Qu’à cela ne tienne. Mr. Wellstone compte louer tout un cottage là où l’on ira. On s’arrangera pour les y recevoir aussi hospitalièrement qu’à Oak Grove.

— Allons, dit le jeune homme, au revoir, chère petite chose. J’ai affaire, vous savez. Il me faut harceler l’avoué qui s’est chargé de la liquidation de mes biens.

D’ordinaire, quand il la quitte ainsi, ce n’est jamais qu’après une petite scène où, avec sa tyrannie d’enfant malade, elle lui reproche de la laisser à l’abandon. Mais telle est sa joie de la décision qu’il a prise de vendre ses terres que, cette fois, elle ne cherche pas à le retenir.

Good bye, darling… Dites à Mary de monter, voulez-vous ? Quand je la sonne, elle n’en finit pas de répondre à mes appels, et c’est agaçant.
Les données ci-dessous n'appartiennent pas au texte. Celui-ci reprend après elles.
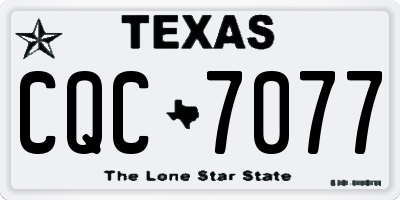 TX license plate CQC7077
Je voudrais Pat aussi.

— Bon, dit Robert, comptez sur moi.

Par le fait, deux minutes après, bousculant la maid pour entrer plus vite, Patrick, un jeune fou de cocker irlandais, brun sur le dos, blanc sous le ventre, avec un poil crépu comme une laine, de larges oreilles tombantes, des yeux d’intelligence aux reflets presque humains, se précipite vers le fauteuil de sa maîtresse, autour de qui il gambade, saute et jappe, en lui léchant les mains et lui faisant mille amitiés, mille caresses.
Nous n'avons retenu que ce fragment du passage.